Some environmental changes happen at barely noticeable speeds. Take ocean acidification, which is directly linked to increased levels of carbon dioxide in the atmosphere. When it dissolves in the ocean, CO2 is transformed into carbonic acid, bringing the water’s pH down. Since the Industrial Revolution, the ocean’s average surface seawater pH has dropped from 8.15 to 8.05. According to the EPA, that’s as high as it’s been in the last two million years. If an increase of one tenth in value doesn’t sound like a lot, remember that the pH scale is logarithmic, so this change represents approximately a 30-percent increase in acidity.

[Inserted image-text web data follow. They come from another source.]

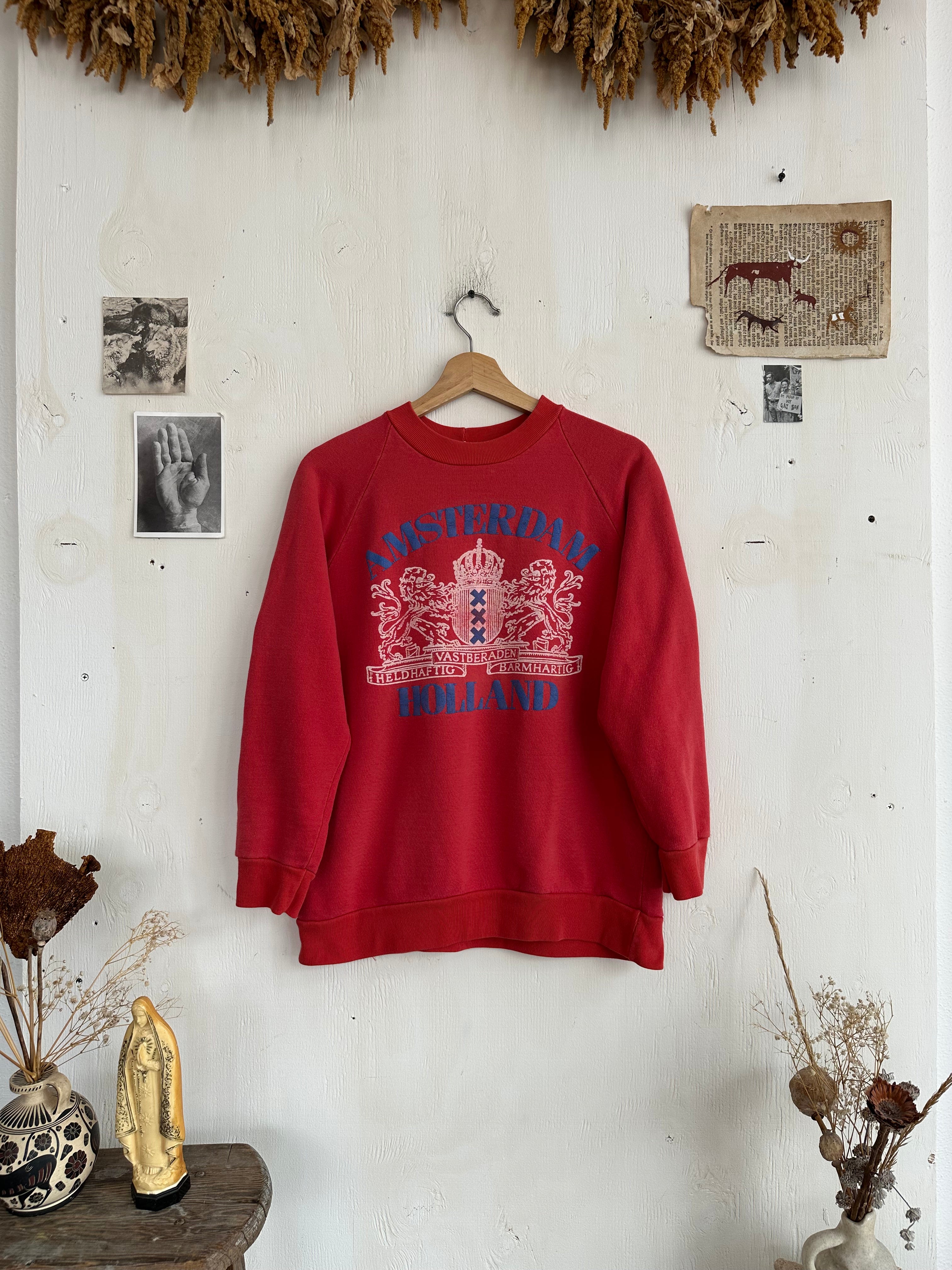1980s Sun Faded Amsterdam Sweatshirt (M)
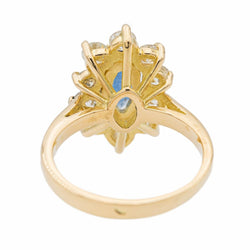 Bague Pompadour Or jaune Saphir - Castafiore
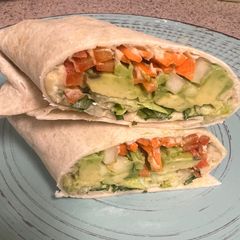 A picture of Hummus and Avocado Wrap 🥑 🌯.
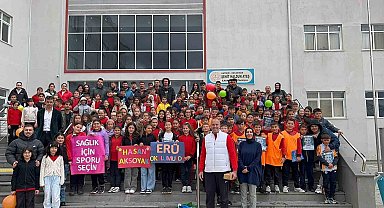 ERÜ'den 'Sağlık için sporu seçin' etkinliği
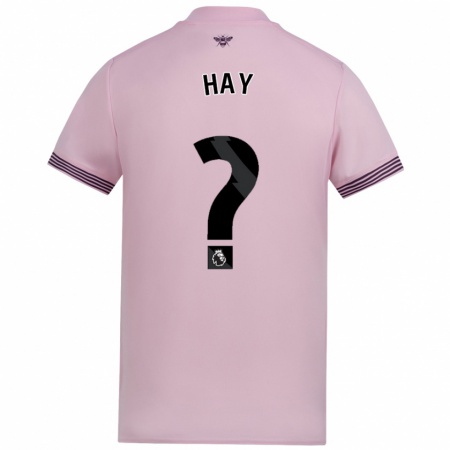 Kandiny Mujer Camiseta Ashley Hay #0 Rosa 2ª Equipación 2024/25 La Camisa Chile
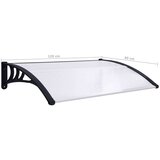  Nadstrešnica za vrata crna i prozirna 120 x 80 cm PC | shoptok.hr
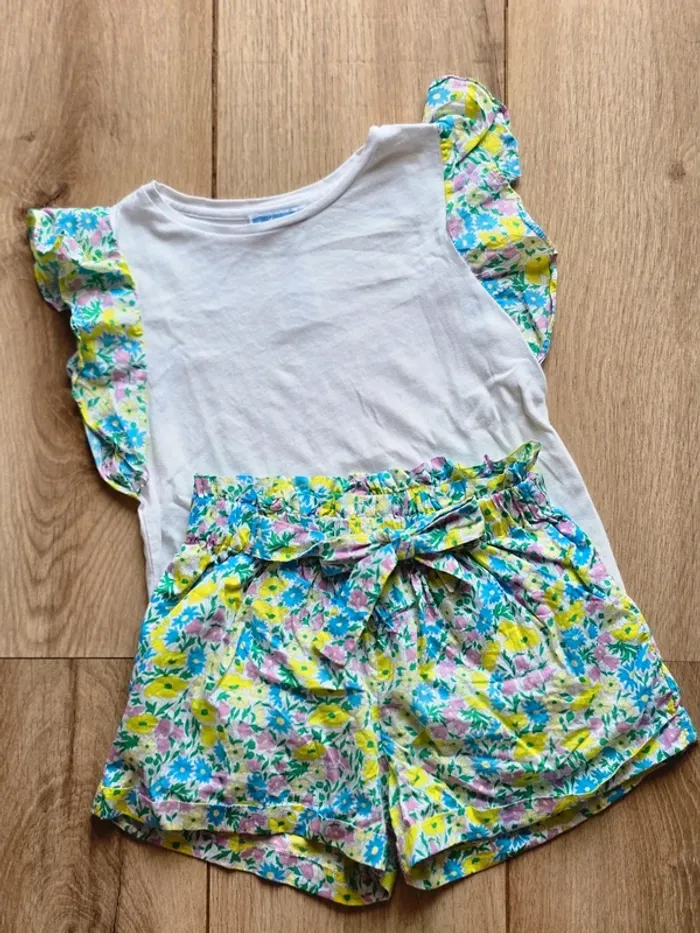 Jacadi short et tee shirt Liberty 6 ans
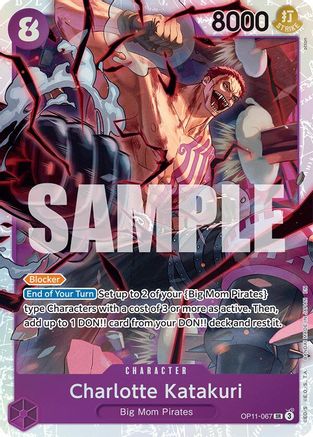 A Fist of Divine Speed  OP11-067 Charlotte Katakuri (067) (OP11-067)  - Foil - Super Rare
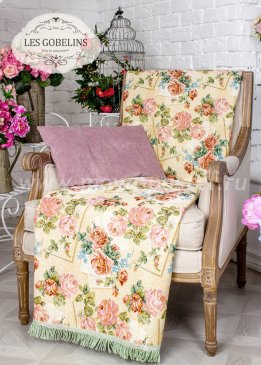 Накидка на кресло Rose delicate (50х160 см) - интернет-магазин Моя постель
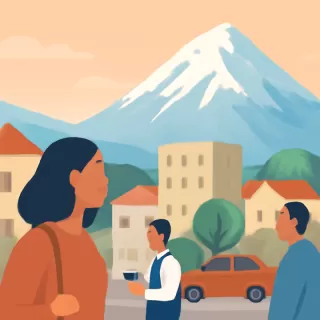 El Bolsón: nieva en el cerro Piltriquitrón en pleno febrero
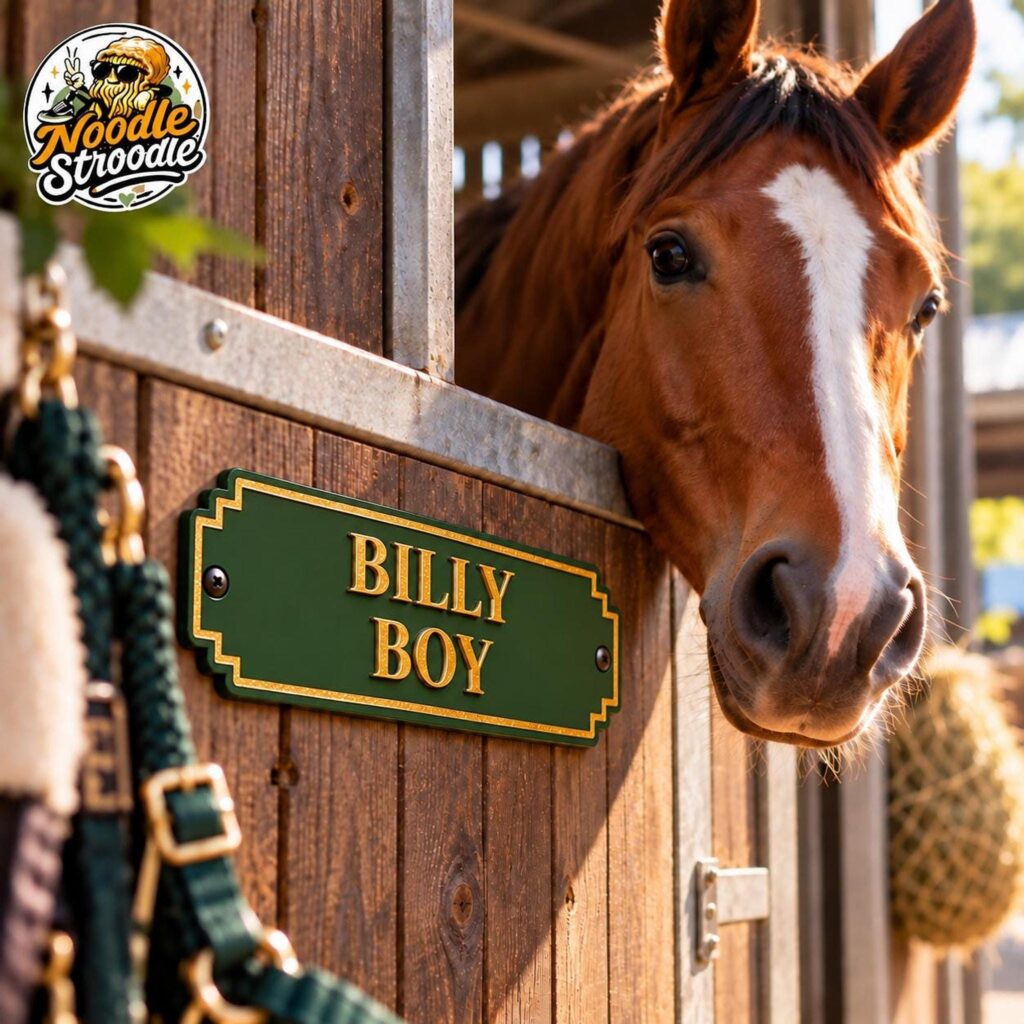 Personalised Horse Stable Name Plaque, Custom 3D Printed Stall Door Sign with Raised Text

When seawater reaches the point of acidity, extraordinary changes will begin taking place because pH affects plants, plankton, coral, and fish. Cold-water locations like New England are particularly vulnerable to acidification. That’s because cold water more readily absorbs carbon dioxide. Here on Cape Cod, higher seawater acidity would prevent our beloved shellfish and crustaceans from growing strong, healthy shells and exoskeletons.
But how can anyone besides dedicated scientists keep these kinds of environmental scorecards? It’s not surprising that even folks living surrounded by the sea are unable to see climate changes, or even if they do, to appreciate their real import.
I want to suggest that those of us living on this shifting sandbar called Cape Cod are particularly well positioned to notice these changes and work against them.
We like knowing that this peninsula came into view only 18,000 years ago or so — a mere wink in geological time — when the glacial moraine scraped past. We love seeing old photos of rolling, treeless dunes, imagining what life was like when ice was harvested from local ponds each winter, and picturing how a now-landlocked spot like Moby Dick’s on Route 6 was a functioning fishing boat dock, or how now-shallow estuaries like Pamet Harbor was once a thriving shipbuilding center that launched 100-foot deep-draft schooners that were the envy of the trading and fishing world.
We, of all people, living where a sea level rise of inches will result in more houses lost to the sea, should be wary about seemingly minor changes in our environment. Pauly’s theory is a reminder that the history of this place is just as important as what we can see with our own eyes — more so as the ocean laps at our “erosion-preventing” seawalls.
It means something that our favorite beaches from Herring Cove to Corn Hill to Newcomb Hollow are now nonexistent at just about every high tide, or that equinox and solstice tides now seem to come twice a month. We are not all scientists, but we can all be fully responsible witnesses to our changing world.